FAA Targets Arctic UAS Operations In International Airspace

The FAA is working to create two permanent areas of Arctic airspace for research and commercial flights by unmanned aircraft, as directed by Congress in February in the agency’s reauthorization bill.

“We have to create a type of airspace that does not fit any existing mould,” says Jim Williams, Head of the FAA’s new Unmanned Aircraft Systems (UAS) integration office.

Creating the two small Arctic UAS operational areas, one northern and one southern as directed by Congress, will require the FAA to coordinate with the International Civil Aviation Organization (ICAO) as they will be in international airspace.

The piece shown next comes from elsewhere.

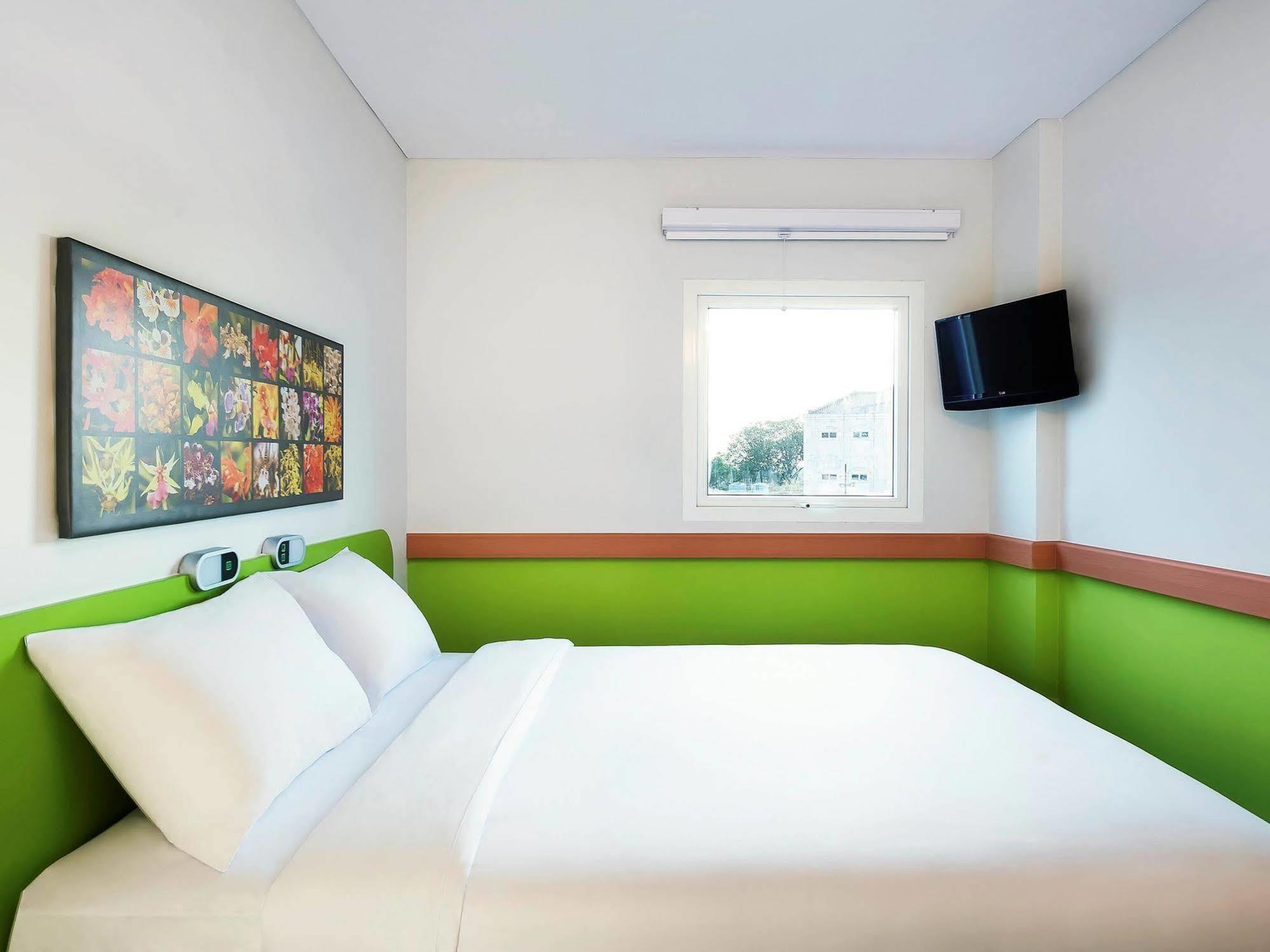 Ibis Budget Semarang Tendean מראה חיצוני תמונה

“The airspace in the law is all in international waters, where ICAO has jurisdiction,” Williams says. “We will have to go back to ICAO to resolve how to implement the airspace.”

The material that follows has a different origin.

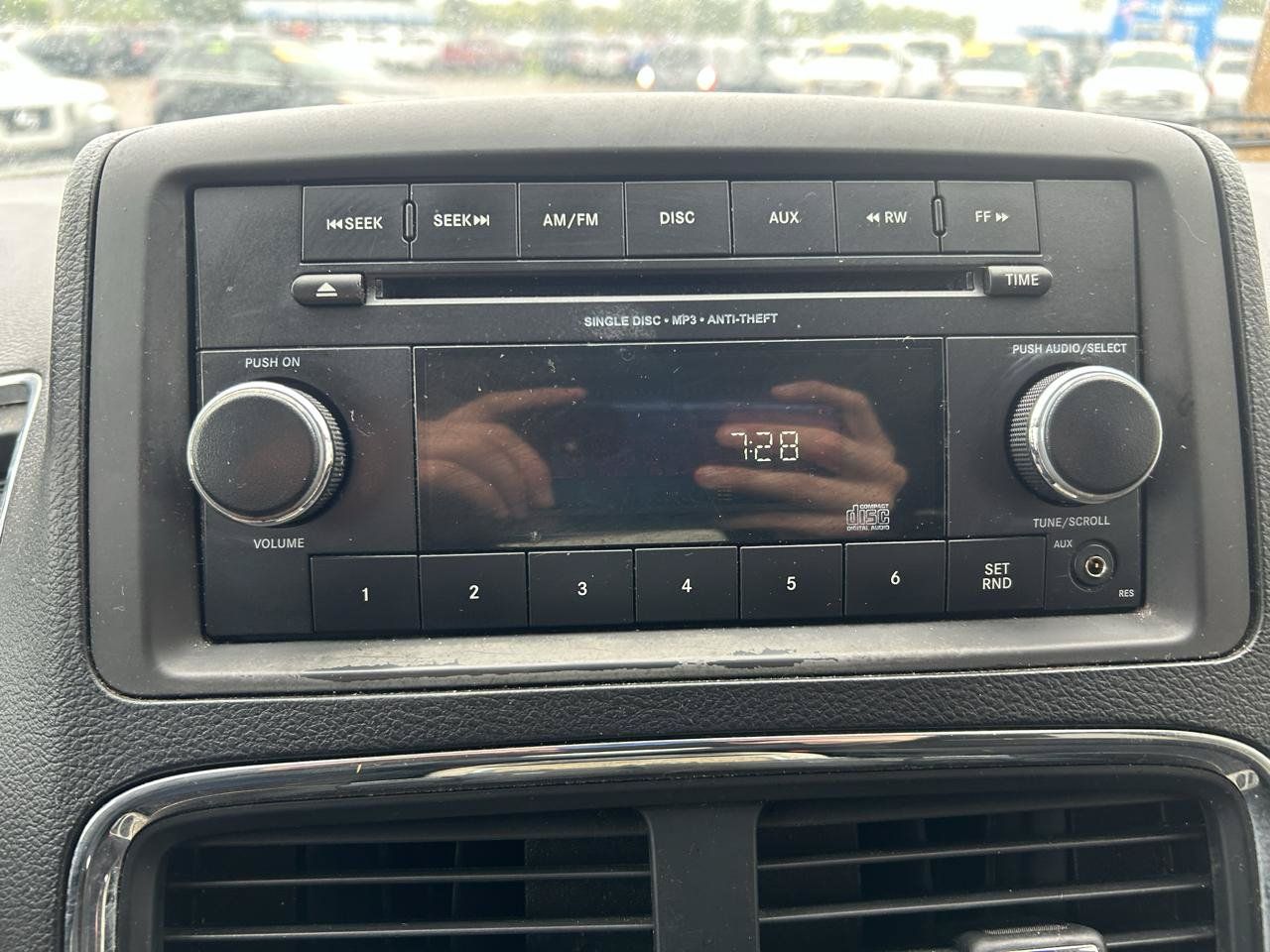 Used 2014 Dodge Grand Caravan SXT FWD image 21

But the benefits of flying unmanned aircraft over the Arctic will be “pretty enormous,” he says. Oil companies are building floating exploratory wells “that do not withstand icebergs, so they need to monitor the ocean around them, for which a UAS is perfect.”

Guarding the coast, fish spotting, tracking the movements of ocean mammals and monitoring seaways to see when they are open are among other roles seen for Arctic UAS.

To implement the congressional directive, the FAA has to create a new airspace type, over water and up to at least 2,000 ft. altitude; identify two permanent operating areas; and designate onshore and offshore launch locations and transit corridors for ingress and egress.

Williams says the FAA is looking at using existing restricted-category certification to air-vehicle approval and adapting Part 135 rules to allow commercial UAS operations in the Arctic areas. “We will approach ICAO, the Arctic coordinating authority, to get approval for the areas,” he says. The plan is to be completed by August 2013.

ICAO, meanwhile, says its first package of standards for what it calls remotely piloted aircraft systems (RPAS) will become applicable on Nov. 15. They are “the tip of a complete regulatory framework,” says Leslie Cary, Secretary of ICAO’s UAS study group.

The objective of the regulations will be to enable a remote operator located in, and licensed by, one country to fly a UAS in airspace controlled by another country. “That’s impossible in manned aviation … and requires harmonized global standards,” she says.

“By 2028 we hope all the regulations to support the operation of RPAS in all classes of airspace and aerodromes will be in place,” Cary says. ICAO defines RPAS as a subset of unmanned aircraft in which the vehicle is always under the control of a remote pilot.